STATE OF NEW JERSEY, PLAINTIFF-RESPONDENT,
v.
JOHN B., DEFENDANT-APPELLANT.



On appeal from Superior Court of New Jersey, Law Division, Hunterdon County, Indictment No. 06-09-0346.

Per curiam.

RECORD IMPOUNDED

NOT FOR PUBLICATION WITHOUT THE APPROVAL OF THE APPELLATE DIVISION

Submitted September 15, 2010

Before Judges Sapp-Peterson and Simonelli.

Following a jury trial, defendant John B., a Catholic priest, was convicted of first-degree aggravated sexual assault, N.J.S.A. 2C:14-2a(1) (count one); and second-degree endangering the welfare of a child, N.J.S.A. 2C:24-4a (count two).

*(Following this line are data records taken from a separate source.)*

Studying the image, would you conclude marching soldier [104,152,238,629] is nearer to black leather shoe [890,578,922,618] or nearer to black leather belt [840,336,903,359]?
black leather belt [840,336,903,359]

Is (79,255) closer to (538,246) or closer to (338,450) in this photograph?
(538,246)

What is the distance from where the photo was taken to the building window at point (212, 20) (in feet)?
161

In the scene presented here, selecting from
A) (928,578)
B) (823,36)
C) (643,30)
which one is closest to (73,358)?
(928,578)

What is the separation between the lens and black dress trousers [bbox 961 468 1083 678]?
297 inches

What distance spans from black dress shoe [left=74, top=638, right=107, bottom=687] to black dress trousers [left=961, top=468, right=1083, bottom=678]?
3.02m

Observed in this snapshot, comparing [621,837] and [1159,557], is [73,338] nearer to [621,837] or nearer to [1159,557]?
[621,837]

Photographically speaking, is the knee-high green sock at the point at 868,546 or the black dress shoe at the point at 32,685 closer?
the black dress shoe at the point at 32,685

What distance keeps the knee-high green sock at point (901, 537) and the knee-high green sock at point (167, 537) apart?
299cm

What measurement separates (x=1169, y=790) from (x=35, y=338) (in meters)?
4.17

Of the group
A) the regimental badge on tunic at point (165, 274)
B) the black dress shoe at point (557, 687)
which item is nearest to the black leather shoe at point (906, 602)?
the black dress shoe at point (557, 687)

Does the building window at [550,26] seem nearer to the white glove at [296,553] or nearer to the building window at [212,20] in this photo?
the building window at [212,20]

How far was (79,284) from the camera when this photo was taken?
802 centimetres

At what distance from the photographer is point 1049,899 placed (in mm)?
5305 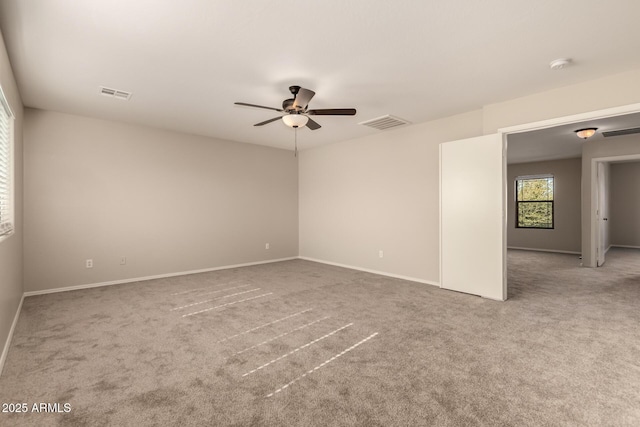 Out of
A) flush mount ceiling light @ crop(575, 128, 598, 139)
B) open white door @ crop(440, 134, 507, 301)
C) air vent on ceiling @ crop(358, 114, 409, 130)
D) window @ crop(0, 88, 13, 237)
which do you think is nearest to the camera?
window @ crop(0, 88, 13, 237)

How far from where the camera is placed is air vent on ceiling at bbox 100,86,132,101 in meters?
3.58

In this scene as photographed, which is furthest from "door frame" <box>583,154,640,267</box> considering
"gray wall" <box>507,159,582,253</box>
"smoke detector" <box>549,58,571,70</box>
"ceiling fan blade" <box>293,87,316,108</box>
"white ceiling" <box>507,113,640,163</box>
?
"ceiling fan blade" <box>293,87,316,108</box>

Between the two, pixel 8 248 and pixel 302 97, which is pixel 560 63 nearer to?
pixel 302 97

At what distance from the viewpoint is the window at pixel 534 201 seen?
8695 mm

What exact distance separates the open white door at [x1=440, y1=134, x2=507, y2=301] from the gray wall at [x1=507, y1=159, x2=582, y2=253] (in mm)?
6013

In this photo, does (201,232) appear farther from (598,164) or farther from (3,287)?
(598,164)

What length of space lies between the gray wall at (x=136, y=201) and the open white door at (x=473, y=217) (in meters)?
3.73

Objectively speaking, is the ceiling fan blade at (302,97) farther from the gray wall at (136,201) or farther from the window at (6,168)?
the gray wall at (136,201)

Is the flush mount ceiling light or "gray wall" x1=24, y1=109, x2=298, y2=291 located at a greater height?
the flush mount ceiling light

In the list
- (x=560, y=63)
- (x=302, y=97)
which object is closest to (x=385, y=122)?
(x=302, y=97)

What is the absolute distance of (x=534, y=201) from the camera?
8938mm

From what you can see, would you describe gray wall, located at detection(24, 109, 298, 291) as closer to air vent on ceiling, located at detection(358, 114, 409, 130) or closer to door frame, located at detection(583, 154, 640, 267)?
air vent on ceiling, located at detection(358, 114, 409, 130)

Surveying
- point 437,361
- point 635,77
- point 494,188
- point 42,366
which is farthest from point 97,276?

The trial judge imposed an eighteen-year term of imprisonment with a seven-year period of parole ineligibility on count one to be served at the Adult Diagnostic Treatment Center (ADTC) and a concurrent eight years with three years of parole ineligibility on count two, which together will run consecutively to a fifteen-year sentence defendant was already serving for first-degree aggravated sexual assault, second-degree sexual assault, and third-degree endangering the welfare of a child conviction stemming from defendant's sexual assault of an altar boy. The judge also imposed the appropriate assessments and penalties, and ordered defendant to pay $10,597.17 to the Violent Crimes Compensation Board.

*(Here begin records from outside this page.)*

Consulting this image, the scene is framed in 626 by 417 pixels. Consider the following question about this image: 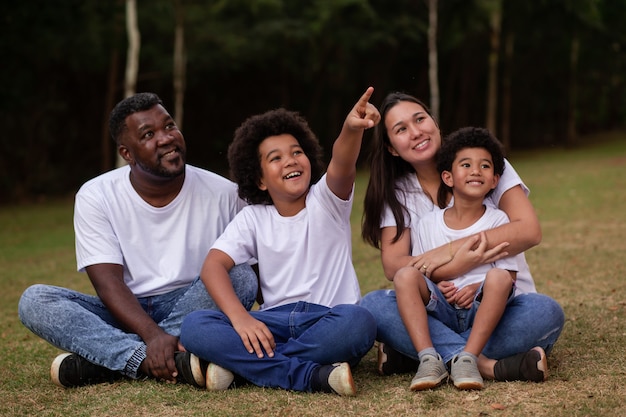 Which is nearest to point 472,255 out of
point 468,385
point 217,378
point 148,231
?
point 468,385

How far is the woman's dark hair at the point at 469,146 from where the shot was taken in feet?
13.2

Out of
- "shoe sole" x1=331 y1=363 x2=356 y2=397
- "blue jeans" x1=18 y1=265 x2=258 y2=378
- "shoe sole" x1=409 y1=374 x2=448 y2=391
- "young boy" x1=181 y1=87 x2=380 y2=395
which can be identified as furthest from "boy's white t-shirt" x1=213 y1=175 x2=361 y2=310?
"shoe sole" x1=409 y1=374 x2=448 y2=391

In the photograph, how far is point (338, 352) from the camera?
3.73 meters

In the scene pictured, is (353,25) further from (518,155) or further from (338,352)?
(338,352)

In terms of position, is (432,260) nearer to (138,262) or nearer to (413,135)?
(413,135)

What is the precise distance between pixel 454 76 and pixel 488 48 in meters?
1.35

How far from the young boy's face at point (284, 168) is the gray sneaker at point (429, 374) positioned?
1006 millimetres

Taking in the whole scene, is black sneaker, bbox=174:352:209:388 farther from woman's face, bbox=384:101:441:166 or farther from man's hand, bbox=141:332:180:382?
woman's face, bbox=384:101:441:166

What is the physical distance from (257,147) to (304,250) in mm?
604

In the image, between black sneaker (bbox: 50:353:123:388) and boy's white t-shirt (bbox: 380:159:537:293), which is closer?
black sneaker (bbox: 50:353:123:388)

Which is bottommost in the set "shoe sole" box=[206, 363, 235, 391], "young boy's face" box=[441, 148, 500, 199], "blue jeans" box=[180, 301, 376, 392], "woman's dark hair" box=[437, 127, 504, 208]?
"shoe sole" box=[206, 363, 235, 391]

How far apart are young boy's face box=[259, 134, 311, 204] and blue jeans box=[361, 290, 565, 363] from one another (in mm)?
714

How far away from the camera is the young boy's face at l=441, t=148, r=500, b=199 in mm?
3961

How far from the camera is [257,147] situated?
423 centimetres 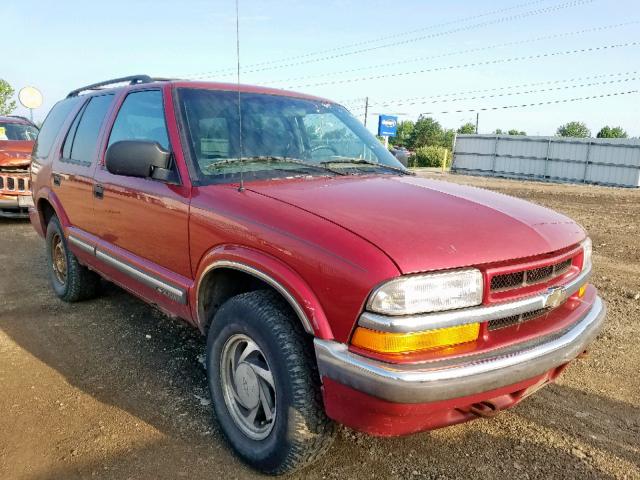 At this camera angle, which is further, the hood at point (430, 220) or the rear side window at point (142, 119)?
the rear side window at point (142, 119)

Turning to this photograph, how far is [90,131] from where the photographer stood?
4.16 metres

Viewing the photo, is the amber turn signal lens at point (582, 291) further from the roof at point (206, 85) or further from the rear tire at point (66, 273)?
the rear tire at point (66, 273)

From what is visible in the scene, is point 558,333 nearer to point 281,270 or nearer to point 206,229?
point 281,270

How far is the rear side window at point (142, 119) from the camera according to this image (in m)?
3.16

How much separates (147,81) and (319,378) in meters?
2.79

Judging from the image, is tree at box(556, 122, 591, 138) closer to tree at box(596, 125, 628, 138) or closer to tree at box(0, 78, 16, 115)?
tree at box(596, 125, 628, 138)

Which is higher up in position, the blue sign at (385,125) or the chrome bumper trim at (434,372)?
the blue sign at (385,125)

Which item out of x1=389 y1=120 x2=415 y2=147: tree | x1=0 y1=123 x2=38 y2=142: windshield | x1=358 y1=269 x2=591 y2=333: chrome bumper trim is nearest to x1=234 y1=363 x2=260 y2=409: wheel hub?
x1=358 y1=269 x2=591 y2=333: chrome bumper trim

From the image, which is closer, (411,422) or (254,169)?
(411,422)

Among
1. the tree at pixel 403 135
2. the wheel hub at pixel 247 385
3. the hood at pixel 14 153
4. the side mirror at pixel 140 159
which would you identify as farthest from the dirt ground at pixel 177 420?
the tree at pixel 403 135

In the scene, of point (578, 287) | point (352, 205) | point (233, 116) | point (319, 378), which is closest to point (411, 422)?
point (319, 378)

On appeal, defendant raises the following arguments:

POINT I

THE MODEL JURY INSTRUCTION ON CHILD SEXUAL ABUSE ACCOMMODATION SYNDROME (CSAAS) UNCONSTITUTIONALLY INTRUDES ON THE JURY'S FUNCTION TO DETERMINE CREDIBILITY WHEN IT TELLS THE JURORS THAT THEY "MAY NOT AUTOMATICALLY CONCLUDE THAT THEIR [THE ALLEGED VICTIMS'] TESTIMONY IS UNTRUTHFUL BASED ONLY ON THEIR SILENCE OR DELAY DISCLOSURE." (Not Raised Below)

POINT II

THE TRIAL JUDGE ERRED IN DISMISSING COUNT TWO AT THE END OF THE STATE'S CASE; IN THE ALTERNATIVE, A MORE PRECISE DEFINITION OF "LEGAL DUTY TO CARE" AND "ASSUMED RESPONSIBILITY" SHOULD HAVE BEEN GIVEN TO THE JURY AS PART OF THE ENDANGERING THE WELFARE OF A CHILD CHARGE. (Partially Raised Below)

POINT III

THE DEFENDANT'S SENTENCE IS EXCESSIVE

We affirm defendant's conviction and sentence on count one. Because we conclude that the evidence failed to establish second-degree endangering the welfare of a child, we are constrained to reverse on count two.

I.

We derive the following facts from the evidence presented at trial.

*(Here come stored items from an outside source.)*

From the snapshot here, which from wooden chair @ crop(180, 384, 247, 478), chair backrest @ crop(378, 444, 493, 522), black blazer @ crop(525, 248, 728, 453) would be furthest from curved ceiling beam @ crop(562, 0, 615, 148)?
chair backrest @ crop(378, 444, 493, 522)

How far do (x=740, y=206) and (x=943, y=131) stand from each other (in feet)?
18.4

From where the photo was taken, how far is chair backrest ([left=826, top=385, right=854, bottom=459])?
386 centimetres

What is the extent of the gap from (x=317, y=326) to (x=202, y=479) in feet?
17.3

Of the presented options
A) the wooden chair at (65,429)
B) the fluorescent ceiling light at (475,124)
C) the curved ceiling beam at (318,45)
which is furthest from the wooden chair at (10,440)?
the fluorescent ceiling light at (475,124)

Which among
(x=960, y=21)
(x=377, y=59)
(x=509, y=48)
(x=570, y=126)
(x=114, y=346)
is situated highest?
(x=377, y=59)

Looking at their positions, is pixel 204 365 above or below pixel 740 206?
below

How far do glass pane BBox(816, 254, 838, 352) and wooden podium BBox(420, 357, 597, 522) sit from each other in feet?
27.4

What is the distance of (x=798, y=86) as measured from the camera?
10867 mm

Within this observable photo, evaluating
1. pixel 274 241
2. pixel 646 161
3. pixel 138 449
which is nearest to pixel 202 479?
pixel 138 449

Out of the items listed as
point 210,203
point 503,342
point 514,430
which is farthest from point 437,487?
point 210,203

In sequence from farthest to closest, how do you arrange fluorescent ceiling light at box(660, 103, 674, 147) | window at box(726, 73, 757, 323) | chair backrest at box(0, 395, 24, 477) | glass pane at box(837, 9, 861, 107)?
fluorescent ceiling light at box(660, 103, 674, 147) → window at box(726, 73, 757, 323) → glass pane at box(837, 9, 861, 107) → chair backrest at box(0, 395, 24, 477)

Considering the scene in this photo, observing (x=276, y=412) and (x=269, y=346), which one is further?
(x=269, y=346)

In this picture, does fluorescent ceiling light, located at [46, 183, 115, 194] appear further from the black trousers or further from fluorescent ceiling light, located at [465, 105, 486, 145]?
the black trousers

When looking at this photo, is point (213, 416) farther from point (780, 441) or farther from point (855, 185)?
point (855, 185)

In 1991, T.P.,*fn1 then six years old, attended public school in New Jersey. He also attended weekly after-school classes of Confraternity of Christian Doctrine (CCD) instruction at the parish center of a Catholic church, where masses were also held. Defendant was the pastor and was commonly seen around the parish's buildings during CCD classes.

T.P. and his family attended masses at the parish center, which defendant officiated. When T.P. was in the second grade, he received his First Holy Communion in a ceremony that defendant officiated.

While attending CCD classes one day, T.P. went to the bathroom in the parish center. He tried to open the bathroom door, but it was locked, and a teacher had to unlock it so that T.P. could enter. Upon entering the bathroom, T.P. saw two pairs of feet in one stall and heard voices. When the stall door opened, T.P. saw defendant, who was wearing his "priest uniform," "step out with a very startled, kind of angry look on his face. Very surprised." T.P. also saw a "little boy" exit the stall. Defendant looked at T.P. angrily and told the other boy he could leave. After the little boy left, defendant ordered T.P. to stay in the bathroom and locked the door. As T.P. faced the urinal to use it, defendant stood "very close[ly]" behind him and instructed him to pull his pants "all the way down" and not turn around. T.P. could feel defendant's body "almost touching" his body. Defendant then unbuckled his belt and remained closely behind T.P. for a ...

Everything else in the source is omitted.